(Beginning of Collected material)
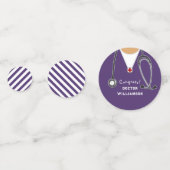 Ärztlicher Abschluss Konfetti (Rückseiten)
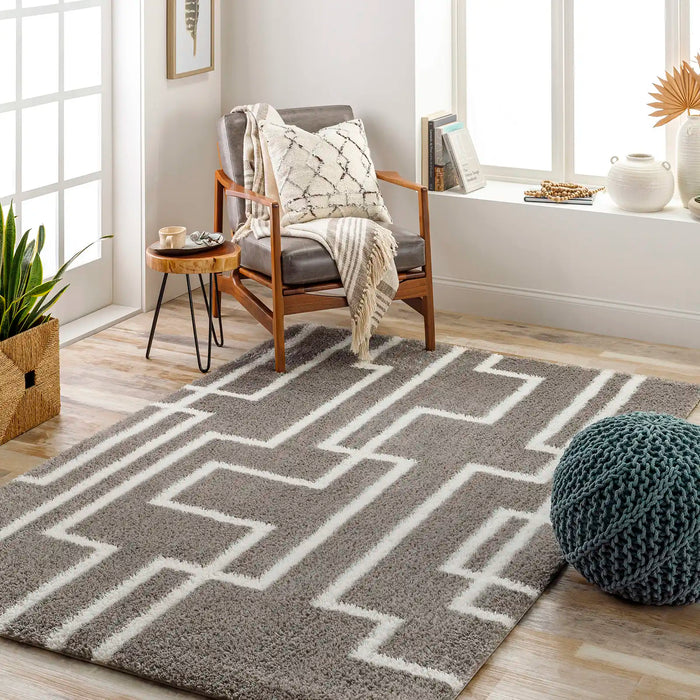Surya marina seraphina 2315 grey Grey Living Room Shaggy Rug.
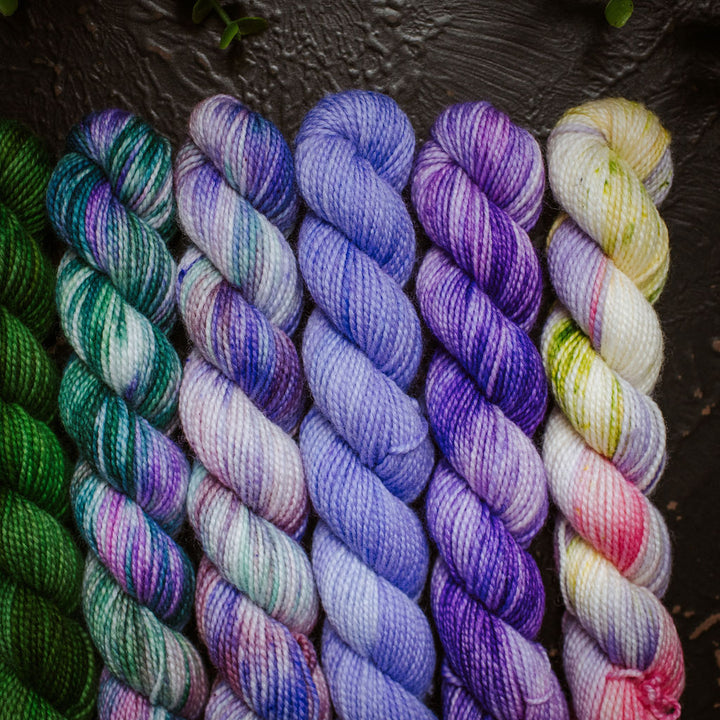 "Wicked" Hand-Dyed Mini Skein Box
(End of Collected material)
- What needs to be done:
Leave the pictures out and output the rest of the data word for word.

- Exercise solution:
 Ärztlicher Abschluss Konfetti (Rückseiten)
Surya marina seraphina 2315 grey Grey Living Room Shaggy Rug.
 "Wicked" Hand-Dyed Mini Skein Box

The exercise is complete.